Intravenous and opioid drug abuse represent significant public health crises. In the U.S., it is estimated that 425,000 individuals (0.17% of individuals aged 12 or older) inject heroin, cocaine, methamphetamine, or other stimulants ^[1]. Opioid drug abuse can lead to altered sensorium, including mental and respiratory depression, and result in significant morbidity and mortality. In 2010, opioids accounted for 75.2% of the 38,329 drug overdose deaths in the United States ^[2]. In addition to those injuries and deaths associated directly with overdose, the consequences of opioid drug abuse are diverse.

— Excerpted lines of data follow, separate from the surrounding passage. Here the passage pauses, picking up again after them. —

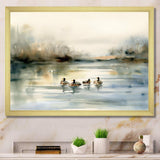 Ducks in Pond II - Animals Canvas Wall Art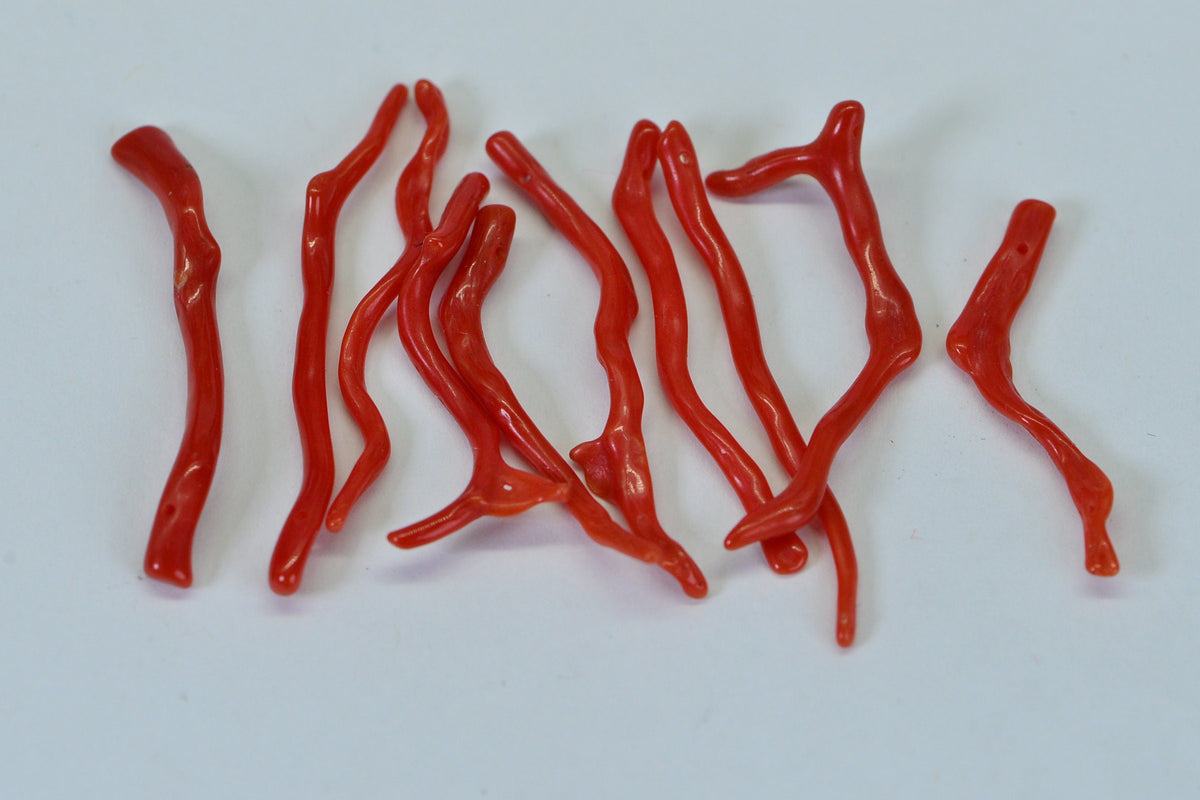 Genuine Red Coral Branch Stick Mediterranean Sea Coral Untreated 18 cts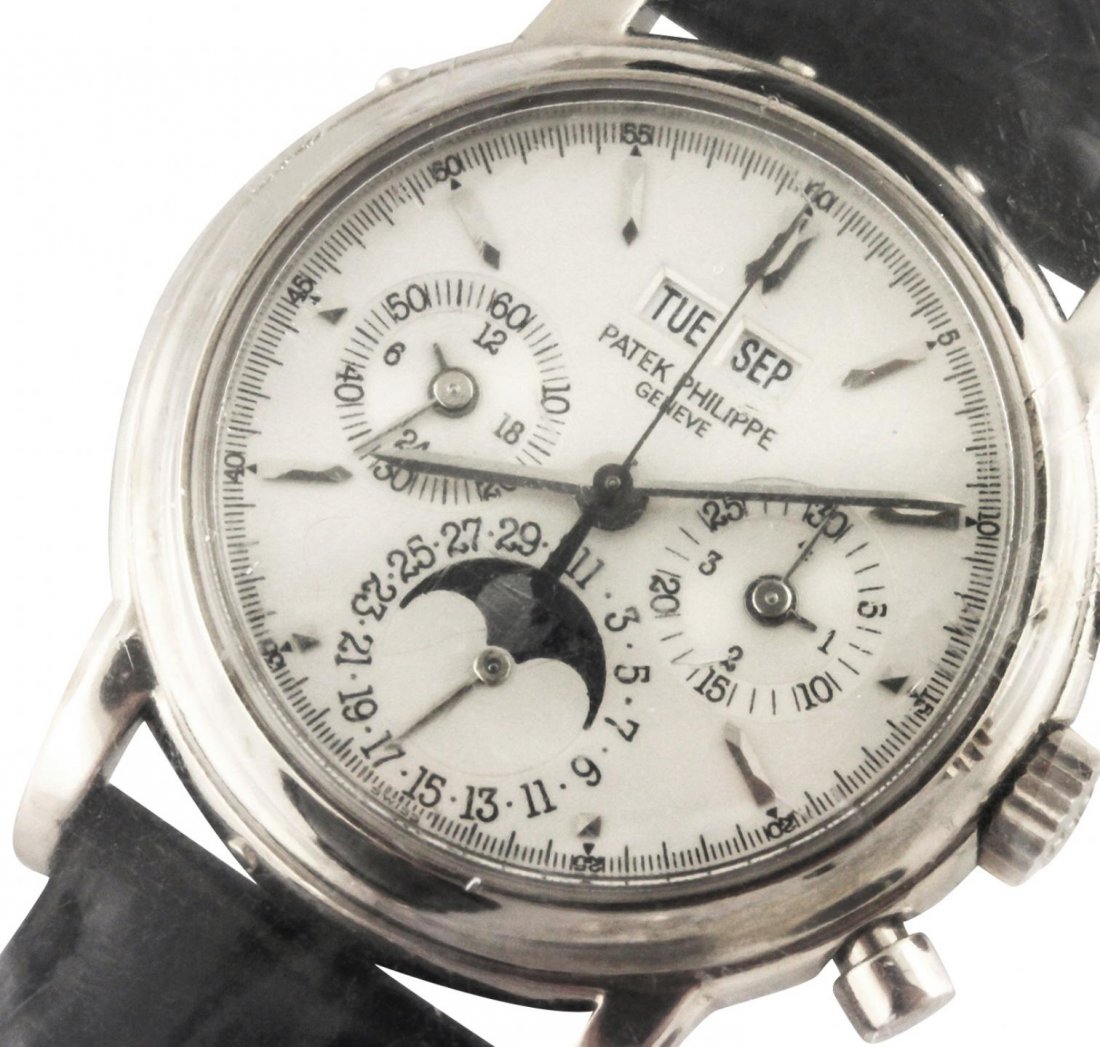 Patek Philippe 3970 18KT White Gold Wristwatch ALC30: Patek Philippe 3970 18KT White Gold Wristwatch ALC30. Good Condition! CN40059PC. One Patek Philippe 3970 Chronograph wristwatch featuring: Black leather bracelet, 18KT White Gold case, crown, lugs, an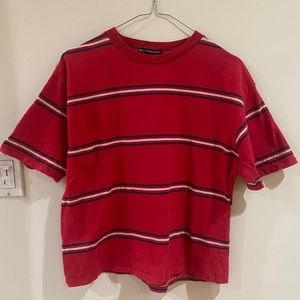 Brandy Melville Shirt Striped Stripes Red Blue White One Size Oversized Top Tee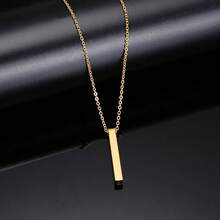 Minimalist Engraved Pendant Necklace, Stainless Steel Rectangular Customized Laser Engraved Logo Necklace, Versatile Pendant Chain For Daily, Party, Gift For Kids, Birthday, Anniversary, Personalized Jewelry, Special Occasion, Eternal Accessory, Luxury Accessory, Fashion Accessory, Gift - Multicolor 11 - View 7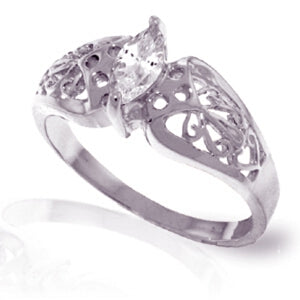 0.2 Carat 14K Solid White Gold Filigree Ring Natural White Topaz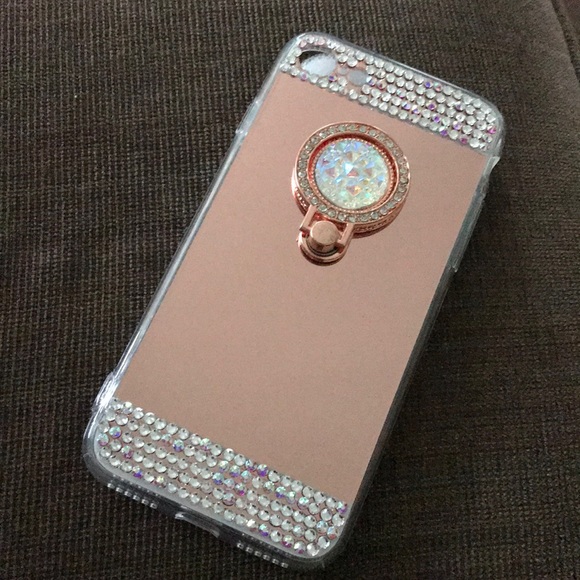 Rhinestone Rose Gold Mirror Case with clip - Picture 1 of 5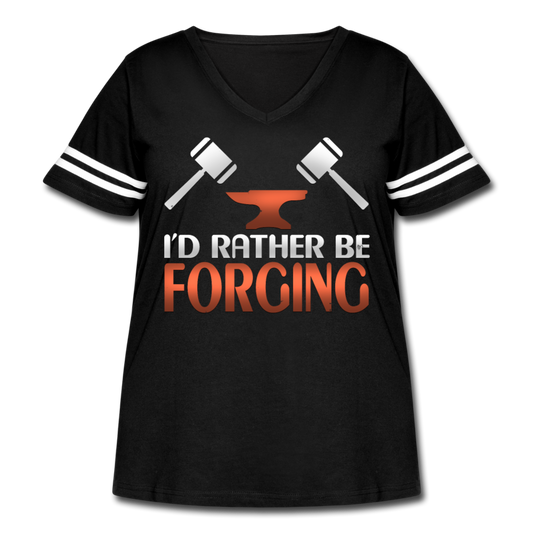 I'd Rather Be Forging Blacksmith Forge Hammer Women's Curvy Vintage Sport T-Shirt - black/white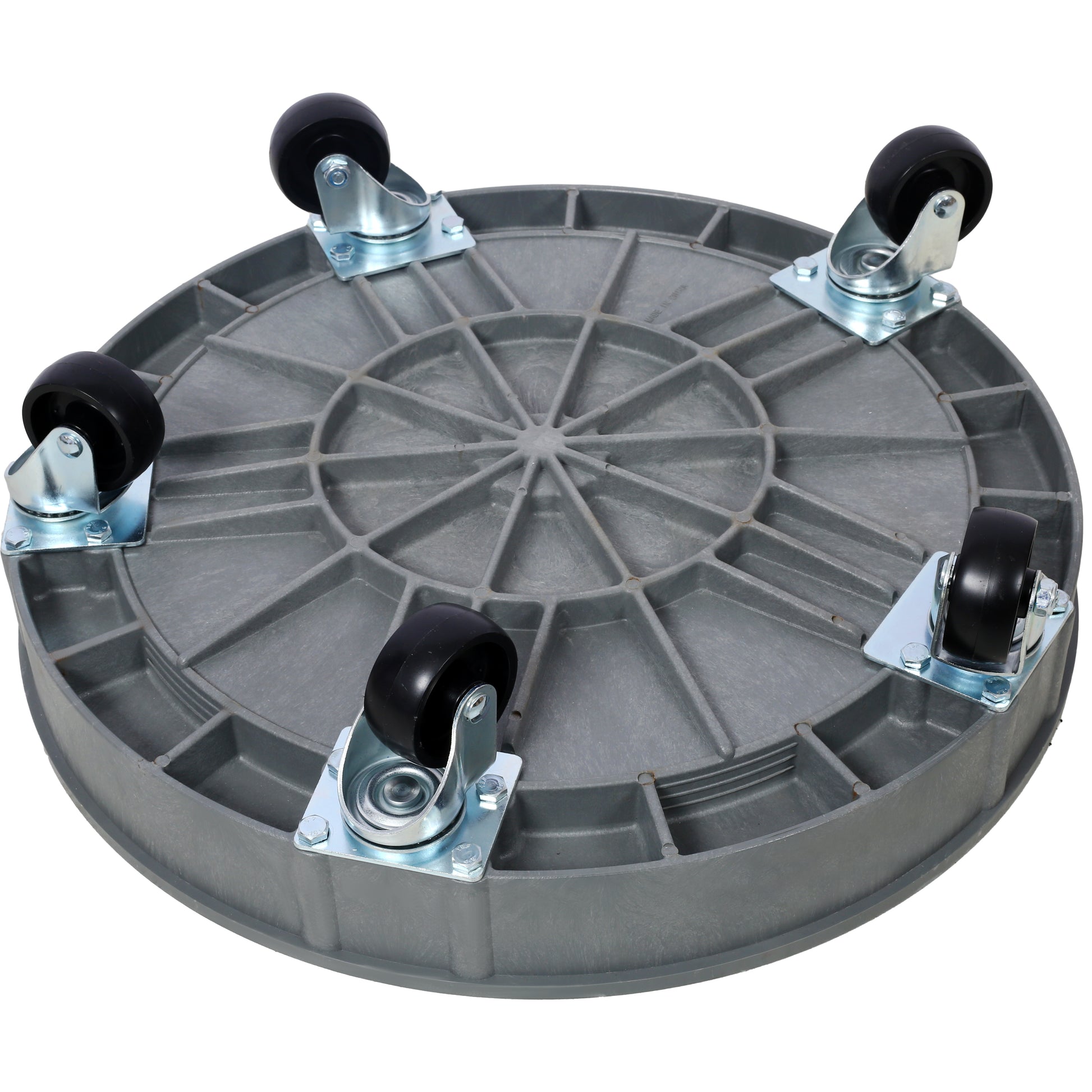 Gray round plant caddy with five black wheels and metal casters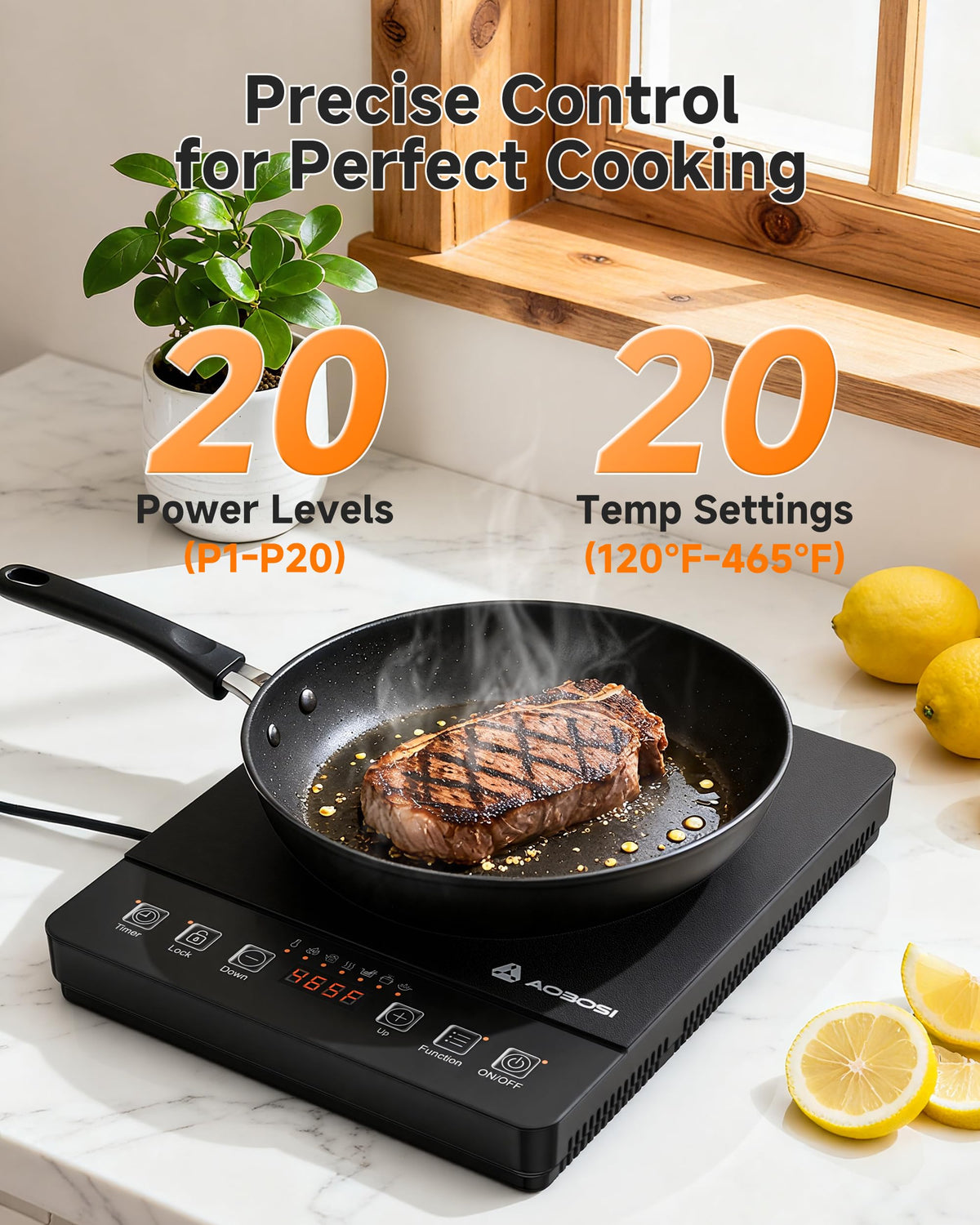 AAOBOSI Portable Induction Cooktop, 1800W, 20 Temp & Power Levels, Timer Fast & Even Heating, 4 Preset Modes, 4-Hour Timer, Compact & Portable, Easy to Clean, Apartments, RVs & Outdoor Cooking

Previous case reports have demonstrated the potential for heroin abuse to result in rhabdomyolysis and compartment syndrome [3-10]^[3]. Hyperkalemia, a frequent consequence of rhabdomyolysis, is well-known for its various ECG manifestations. Few case reports, however, have documented “pseudo-infarction,” or hyperkalemia-induced ECG changes consistent with STEMI [11-18]^[11]. Additionally, this appears to be the first incidence to be reported that resulted in compartment syndrome.

Potassium is a predominantly intracellular cation. It plays a pivotal role in the regulation of resting myocardium membrane potential. Aberrations in extracellular potassium concentration lead to disruption of the normal electrical gradient, which can manifest with a broad array of abnormalities on ECG. Classically, the most common ECG changes seen with hyperkalemia are tall “peaked” t waves with eventual widening of the QRS complex. While not always present, these changes typically proportionally with the serum potassium concentration ^[19]. Hyperkalemia-induced ST-segment elevation may either be a primary repolarization abnormality or an artifact caused by the merging of the QRS segment with the T wave.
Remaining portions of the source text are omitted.